Brady, What kind of sample rates are you dealing with? 24 channels isn't much if the sample rates are reasonable. 24 Channels is fairly light for a polyphase channelizer, so the FFT can be physically quite small even for high data rates. The polyphase channelizer means the channels are equally spaced instead of being independently tuned, but you already know that.

For example, I did a 160 channel DDC for a customer about 2 years ago in a 2v6000 that had input sample rates ate 2M and output sample rates at 50K. Each channel is independently tuned, and the output rate is the same for all 160 channels.

I just finished a 10 channel DDC design in a V4SX55 that samples at

500MHz and has variable downsampling from 62.5MHz on down for a beamforming reciever. Each channel is independently tuned (each FPGA services one antenna element).
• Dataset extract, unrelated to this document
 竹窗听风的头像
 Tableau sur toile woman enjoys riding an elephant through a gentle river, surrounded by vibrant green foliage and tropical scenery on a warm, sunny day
It's 70% or so full 4VSX55, clocked at 250 Mhz.

Ray, the first channelizer/combiner will be GSM at 1X symbol rate,

270.833kHz, 200kHz spacing. So channel spacing and sample rate are not a simple integer relation. One of the things that I have been looking at is mixed-Radix FFT, such as 3-3-5-13, or 585, 117Mhz/585 would give 270.833kHz for a polyphase DFT. I have also been looking at resampling approaches such a Farrow Interpolation, and weighted-sinc interpolation.

Still, I don't want to rule out a DDC approach. The decimation is large, 432, so I can definitely take advantage of multiplexing and distributed arith.

Ray, the channel bandwidth is also fairly large, 22MHz, so while there are only 24 channels, I potentially would need more than 110 FFT bins. It would not have to be as big as I put above though, since I could decimate the above by 3 or 5 or 9 as part of the complex downconvert.